Venezuela turns to floating storage amid vessel seizures

Venezuela’s state oil company PDVSA has begun storing crude oil and fuels on tankers as onshore inventories rise amid U.S. seizures of vessels linked to Venezuela, according to company documents and maritime data
Reuters Tuesday, 23 December 2025

Venezuela’s state oil company PDVSA has begun storing crude oil and fuels on tankers as onshore inventories rise amid U.S. seizures of vessels linked to Venezuela, according to company documents and maritime data.

The U.S. Coast Guard intercepted the vessels Skipper and Centuries in the Caribbean Sea this month, both fully loaded with Venezuelan crude, and this week was pursuing a third, empty vessel approaching the coast of the OPEC member country.

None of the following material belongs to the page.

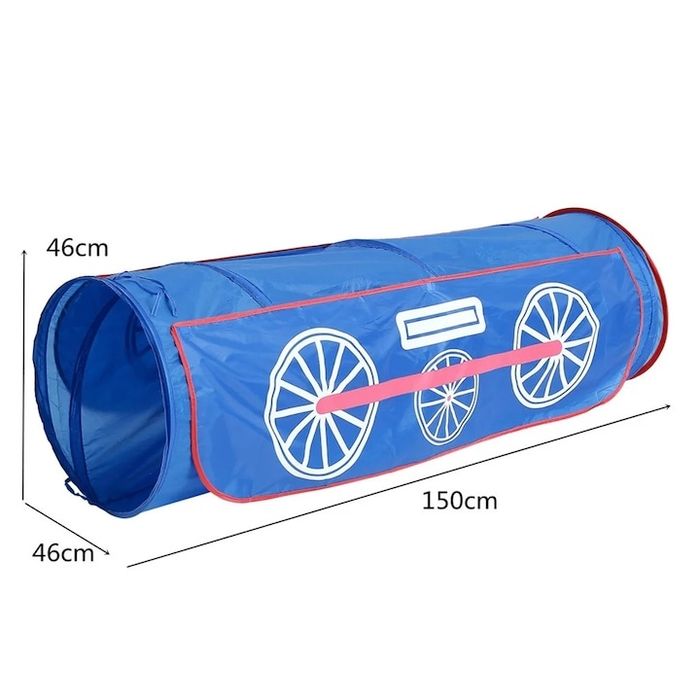 Комплект детска палатка, палатка и тунел, син, 80x80x80см, 46x150см

И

Actions against some tankers from the so-called “shadow fleet” that transports sanctioned oil, combined with a blockade announced by President Donald Trump on all vessels subject to U.S. sanctions, have deterred many shipowners and left more than a dozen cargoes stranded in Venezuelan waters awaiting departure.

The growing bottleneck—at a time when PDVSA is producing around 1.1 million barrels of crude per day—is rapidly filling the company’s onshore tanks, particularly at the José terminal in eastern Venezuela, which receives extra-heavy crude from the country’s main producing region, the Orinoco Belt, according to the documents.

PDVSA began transferring part of those inventories to tankers last weekend, maritime data and company documents showed, a strategy it has previously used to avoid cutting oil production.

Because Chevron, PDVSA’s main partner in joint ventures, has not halted exports of the crude grades they produce together, most inventories in western Venezuela—where storage capacity is very limited—are near normal levels, according to the documents.

However, Chevron accounts for only a quarter of the crude produced at blending stations and upgraders in the Orinoco Belt, or about 130,000 bpd.

PDVSA typically exports the remaining three quarters to China, which has been the destination for about 80% of Venezuela’s crude exports this year.

As oil exports stabilized and increased through November, PDVSA’s crude and diluent inventories at José had fallen to about 9 million barrels last month from a peak of 17 million barrels earlier in the year. By mid-December, however, they had risen again to more than 10 million barrels, according to the documents.